Ce roman « donné-à-voir », représente un processus d’explicitation de l’intériorité de l’artiste, et ceci, dans une perspective que n’embrassent pas, du moins dans leur intégralité, certains des romans hypergraphiques conçus par Isou, Pomerand ou Sabatier, construits autour d’autres problématiques théoriques, romanesques et plastiques. D’ailleurs, le Roman à Equarrir pourrait également se définir comme un anti-roman hypergraphique. La narration esquissée, par endroit, s’élabore et se perd synchroniquement, et sans cesse, ne commence et ne s’achève. La structure du livre est bouleversée, niée, sa pagination n’a pas de sens réel et pratique, sa numérotation est volontairement altérée, on sent que l’auteur à voulu jouer, peut-être à cette sorte de cache-cache avec les mots qui la hantait avant de découvrir l’inépuisable richesse du domaine de la super-écriture. Quant aux divers titres constituant la table des matières, on a le sentiment qu’Anne-Catherine Caron s’amuse avec des références qui lui sont propres et que son discours est de les désorganiser pour  jouer de l’idée de « discrépance » qui lui est apparue, dans le rapport dissocié de l’image et du son lors de la projection du chef d’œuvre cinématographique d’Isou, de 1950, Traité de bave et d’éternité.

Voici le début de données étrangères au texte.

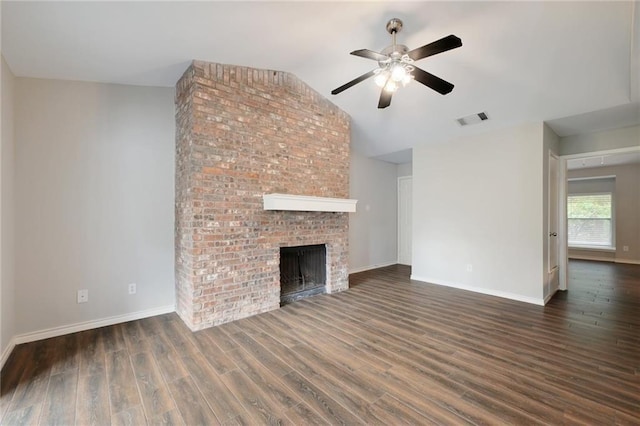 unfurnished living room featuring dark hardwood / wood-style flooring, a fireplace, ceiling fan, and vaulted ceiling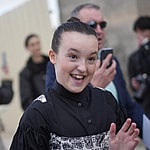 Bella Ramsey Greets Fans at Exit Of Paris Dior Show in Print Overalls Look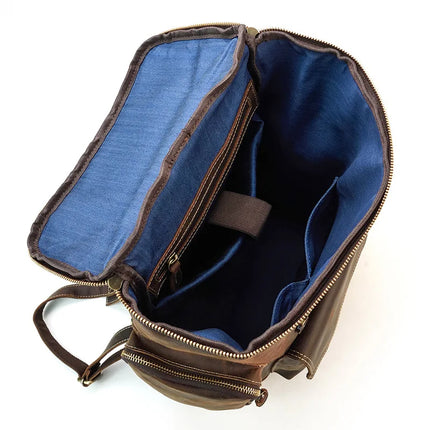 The Vintage Leather Travel Backpack, crafted from genuine cowhide leather, is displayed. The opened brown backpack showcases a blue fabric interior featuring visible compartments, a zippered pocket, and a padded laptop compartment. The bag is stylishly positioned on a white surface.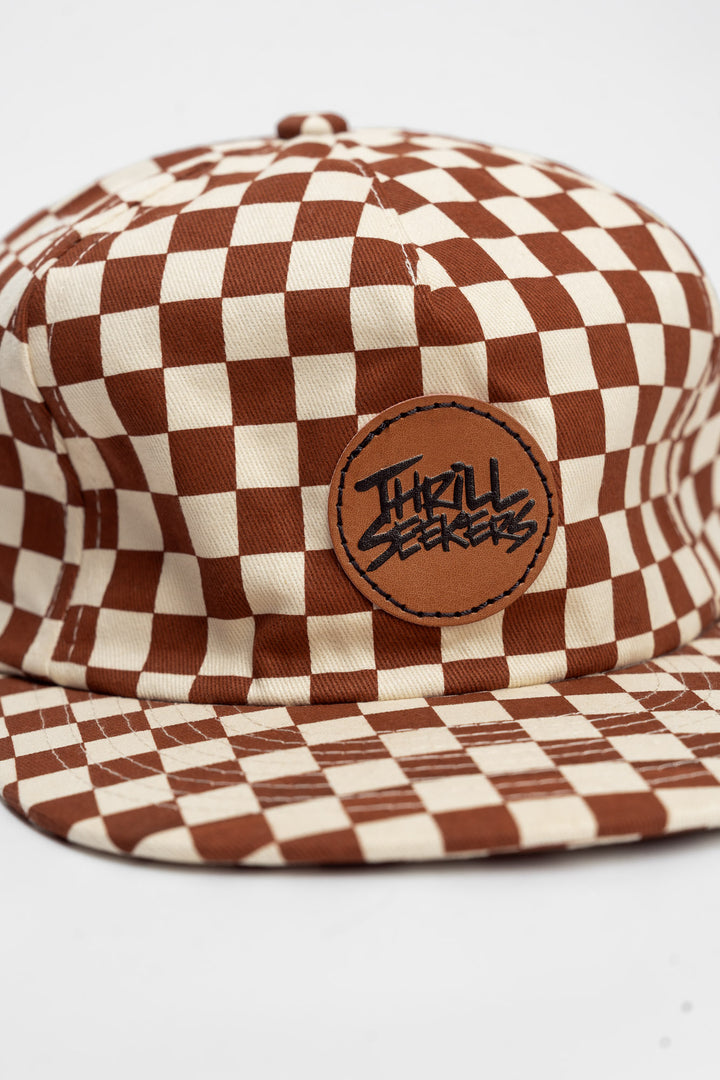 Checkered cap with rusty clay and off-white on a white background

Nous ne trouvons naturellement pas de trame réelle ou de structure à proprement parler du récit, mais une non-trame qui vaut pour l’interrogation représentée par le carré, que l’artiste décline sous différentes formes visant à constituer une mono-écriture personnelle, un parti pris qui prend des allures théoriques. « Mes carrés, blancs et parfois noirs, dit-elle en parlant de son livre,  sont également, pour moi, des signes qui se différencient, la couleur ou la non- couleur  – volontairement le blanc et le noir – constitue aussi des signes, chromatiques ou non chromatiques, si nous le voulons ». Certaines pages intégrant l’usage d’éléments typographiques ne sont pas sans rappeler, dans une certaine mesure, des travaux se réclamant de la poésie visuelle ; mais le parcours de l’artiste est résolument orienté vers la destruction absolue du mot — même quand il subsiste, il n’a plus, en tant que tel, sa valeur habituelle —, qui se retrouve réduit à un signe absolu – le carré –, inscrit dans l’espace devenu pictural. L’on peut certainement lire ici une adaptation, qui prend des allures juvéniles, des fondements géniaux mis en place par le créateur du Lettrisme.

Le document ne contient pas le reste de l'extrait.